Les chercheurs attestent que, traditionnellement, une démarche de recherche comprend quatre phases : l’identification du problème (phase 1 sur la figure 10), la conception de solutions possibles (phase 2), la mise à l’essai de la solution retenue (phase 6) et l’implantation de la solution (phase 7). Pour que les données de la recherche puissent être transposées dans différents contextes, la mise à l’essai d’une solution exige du chercheur qu’il circonscrive l’effet d’une variable sur laquelle il intervient, qu’il choisisse les participants d’une manière aléatoire et qu’il prévoie un groupe contrôle (Middleton et al., 2008). Cette méthode de recherche, qui propose une approche essentiellement quantitative, ne permet toutefois pas, à elle seule, de se pencher sur des problèmes complexes.
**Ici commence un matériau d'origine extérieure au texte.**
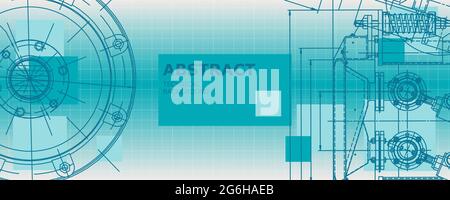 Mechanical engineering drawing. Abstract drawing. Engineering technological wallpaper Stock Vector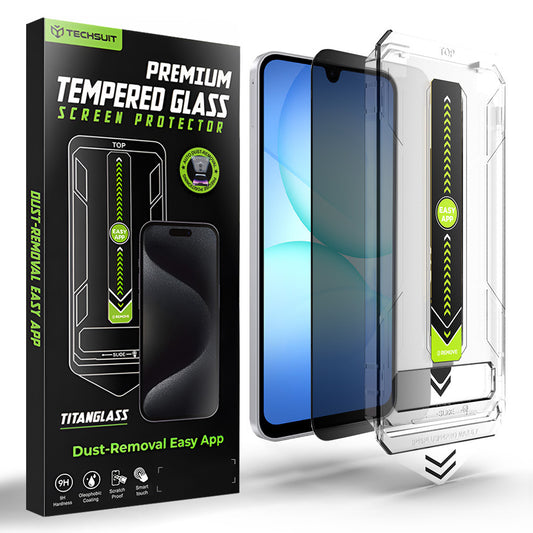 Techsuit TitanGlass CrystalHD Privacy -näytönsuoja Samsung Galaxy A17 5G / A16 5G A166:lle, turvalasi, täysiliimainen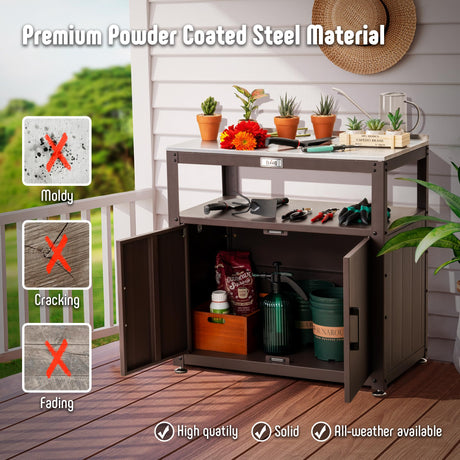 Feasto Garden Potting Bench with Storage Cabinet,Outdoor Gardening Table & Work Bench for Plants, Horticulture,Outdoor Workstation with Stainless Steel Tabletop,Outdoor Work Table Feasto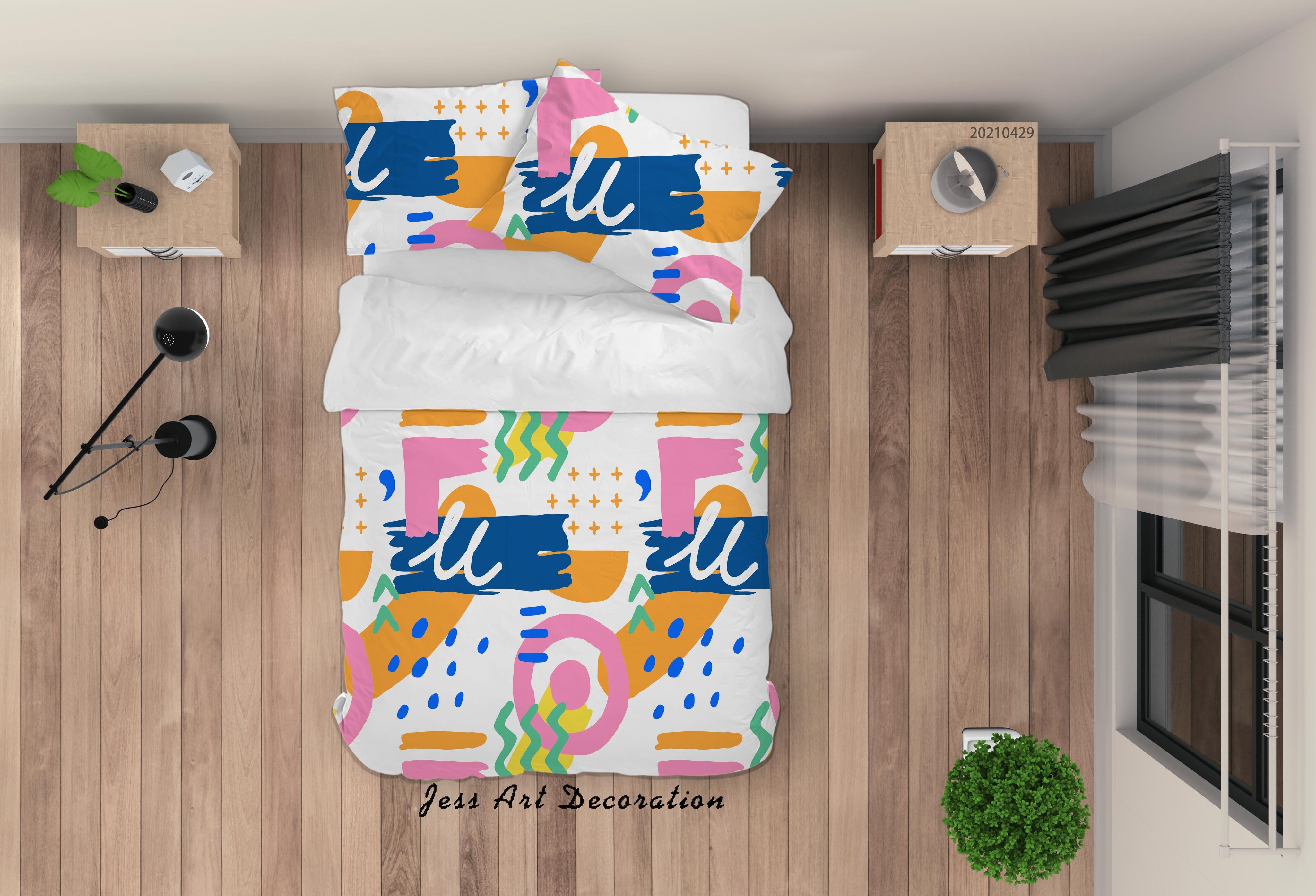 3D Abstract Color Pattern Quilt Cover Set Bedding Set Duvet Cover Pillowcases 1- Jess Art Decoration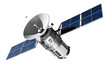 © Cian - Isolated modern communication satellite with solar panels and parabolic antenna for space exploration.
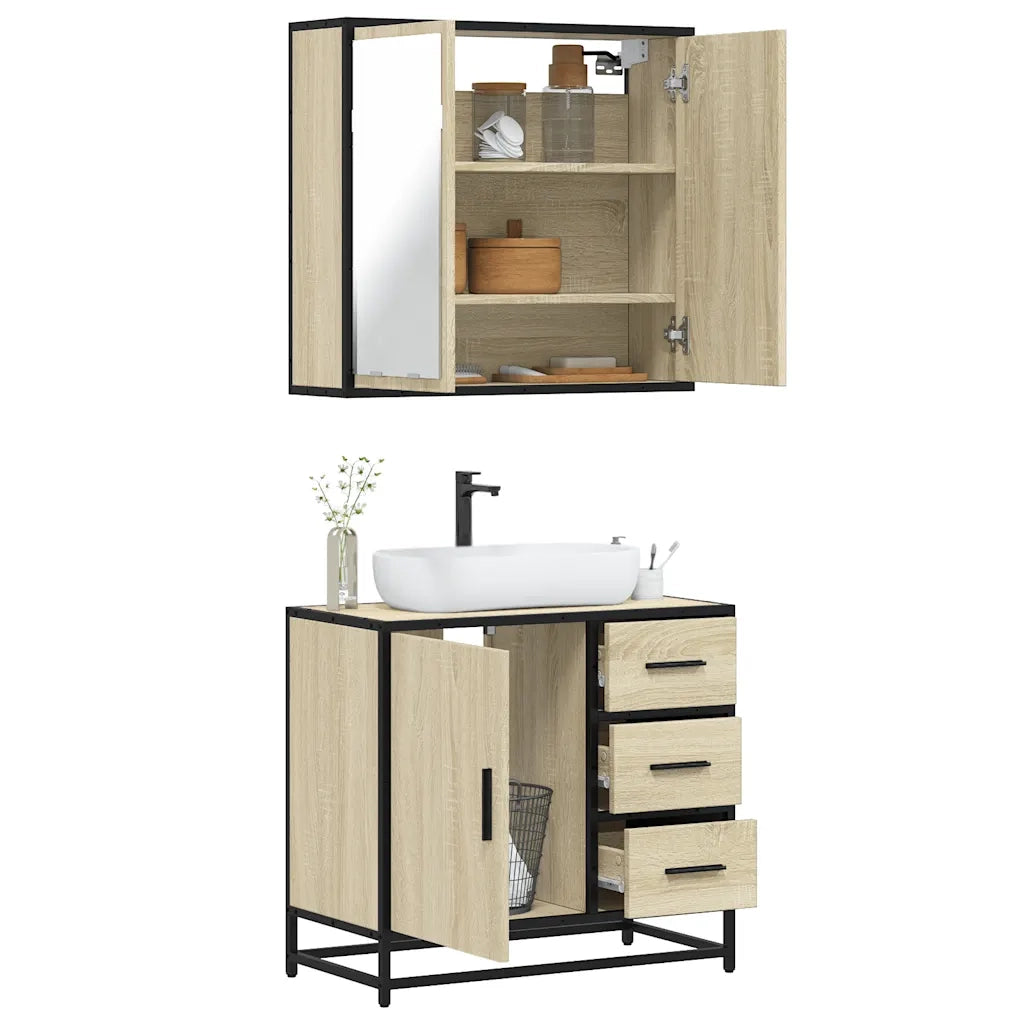 Set Mobili da Bagno 2 pz Rovere Sonoma in Legno Multistrato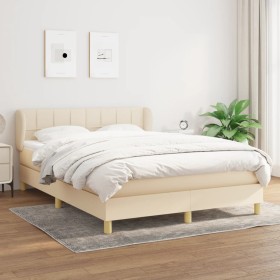 Cama box spring con colchón tela color crema 140x200 cm de vidaXL, Camas y somieres - Ref: Foro24-3126810, Precio: 449,93 €, ...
Un chercheur qui s’intéresse aux difficultés d’apprentissage, par exemple, doit tenir compte de nombreux facteurs, dont les conceptions préalables des apprenants, les modes de transmission, le contexte d’appropriation, la disposition des apprenants à recevoir un enseignement, le dynamisme du pédagogue, etc. Pour solutionner de telles problématiques, l’approche qualitative permet d’étudier et de documenter le contexte et les interrelations entre les acteurs impliqués. Aux quatre phases du modèle classique viennent donc s’ajouter trois phases, qui visent à documenter pas à pas l’élaboration du prototype. Le chercheur peut ainsi mieux s’enquérir des moindres étapes qui permettront à l’objet élaboré d’être utile au regard de la problématique. Ces phases constituent le modèle DE.
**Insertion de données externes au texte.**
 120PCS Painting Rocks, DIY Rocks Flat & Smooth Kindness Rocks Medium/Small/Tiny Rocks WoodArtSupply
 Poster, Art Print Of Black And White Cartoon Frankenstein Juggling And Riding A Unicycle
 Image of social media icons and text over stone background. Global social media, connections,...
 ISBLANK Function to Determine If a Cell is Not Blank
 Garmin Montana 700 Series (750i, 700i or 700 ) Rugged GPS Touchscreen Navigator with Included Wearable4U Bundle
Pour Middleton et al. (2008), la première phase du modèle consiste à cerner le problème et les référents théoriques afin de formuler les hypothèses ou les questions de recherche. Les chercheurs insistent sur l’importance de la recension de la littérature qui permet, pour reprendre leur métaphore, de former la base de la « soupe primitive par laquelle jaillit la clarté » (Middleton et al., 2008, p. 27). Par la suite, une première version de l’objet est envisagée. Afin de la tester, des critères scientifiques sont sélectionnés. Puis, il s’agit de concevoir une première forme de modèle. D’une façon générale, le chercheur peut aussi décider de ne procéder qu’à une portion du modèle de design, caractérisée par les phases 3 à 5, appelée modèle DE. Le processus en trois phases du modèle DE permet au chercheur d’étudier en profondeur l’élaboration d’un objet en cours d’expérimentation (Cobb et al., 2003). D’abord, le chercheur procède à une étude de faisabilité du premier objet fabriqué (phase 3). Il peut mener des entrevues auprès des participants ou faire des observations sur le terrain afin d’évaluer les effets de l’intervention menée (Middleton et al., 2008). Du point de vue des utilisateurs de l’objet, cela permet d’avoir

140

une première impression de l’intervention en cours. Selon les données recueillies, le chercheur peut soit décider de retourner à la phase initiale (phase 1) afin d’étudier le problème et le cadre théorique, soit passer à la phase 4, ou encore faire avorter la recherche (Middleton et al., 2008). Selon Gorard, Roberts et Taylor (2004), le modèle DE présente l’avantage de pouvoir être initié par un objet jugé inefficace.